Impfen, Immunität und die Briten

Listen & Read: Elgar „Nimrod“, Salisbury Cathedral
Quelle: nbclosangeles.com, 17.1.2021

Das ist schon beeindruckend: die Salisbury Cathedral als Impfzentrum. Man muss es den Briten lassen, das hat was. Sie impfen wie die Weltmeister, mit Notzulassungen von Impfstoffen und auf Teufel komm raus. Schon im Juli wollen sie Herdenimmunität erreichen, Chapeau!

Man könnte jetzt voraussehen, dass damit die Liegestuhl-Frage am Strand von Malle oder Maspalomas geklärt ist. Aber sie müssen es auch: Die Insel ist wie kein anderes Land mit rasanten Infektionszahlen konfrontiert, mit einer Virusmutation fast exklusiv für England.

Statt Mitigationsstrategien inkl. Lockdowns zu planen, hat Downing Street wohl frühzeitig auf Impfbestellung gesetzt, früher als die EU-Kommission in Brüssel. Das Going-it-alone war ja im Brexit eingebaut. Jetzt sind zwar 100.000 Briten gestorben, mehr als anderswo in der Welt pro Kopf der Bevölkerung, dafür kann man jetzt ungehindert von Lieferengpässen impfen. Und triumphiert ungehemmt.

Dennoch, es wirft ein schlechtes Licht auf die viel gepriesene und von britischen NGOs geforderte Solidarität. Mit der Welt ja, aber nicht mit den 27 EU-Ländern?

Es brach gestern wie Donnerhall in die britischen Medien, dass AstraZeneca vielleicht keine Zulassung für über 65-Jährige in der EU erhält – weil dafür zu wenig Daten geliefert wurden.
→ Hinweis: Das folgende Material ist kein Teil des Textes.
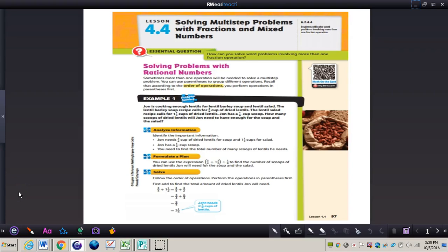In this video, we're going to be taking a look at solving multi-step problems with fractions and mixed numbers. You'll need to turn your GoMath book to page 97 and get out your math journal and a pencil. Let's take a look at the essential question: how can you solve word problems involving more than one fraction operation?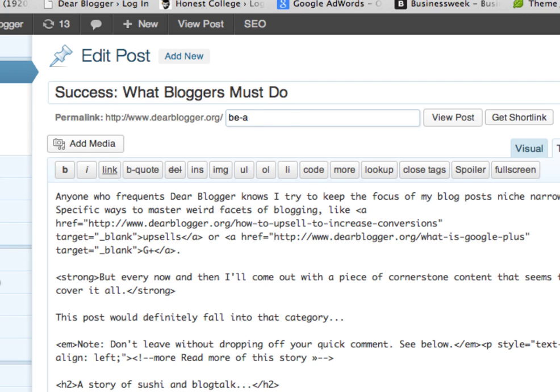In this case, it shows be a success. Now you can make it whatever you want. You should not change this after you publish a post, because the link itself, the whole link, once published, stores comments, likes, tweets, all those sorts of things on it. So you want to keep this consistent.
Mit dieser Impfung wurden aber die tapferen Alten auf der Insel schon versorgt, Prinzip Hoffnung. Warum sollten die Immunsysteme bei Ältern anders reagieren als bei den Jungen? Britannien leiste sich in der Not ein Experiment an der gesamten Bevölkerung, schreibt die Washington Post.

Nun stellt sich weiterhin heraus, dass das britisch-schwedische Unternehmen mit Sitz in Camebridge zwar die Insel beliefern kann, nicht aber den Kontinent, der von AstraZenecas Produktionsstätte in Belgien versorgt werden soll. Zugleich hat Pfizer angekündigt, vorübergehend weniger aus der ebenfalls in Belgien liegenden Produktionsstätte liefern zu können. Dies alles, obwohl die EU frühzeitig beide Unternehmen bei den Forschungsanstrengungen förderte (oder so liest man).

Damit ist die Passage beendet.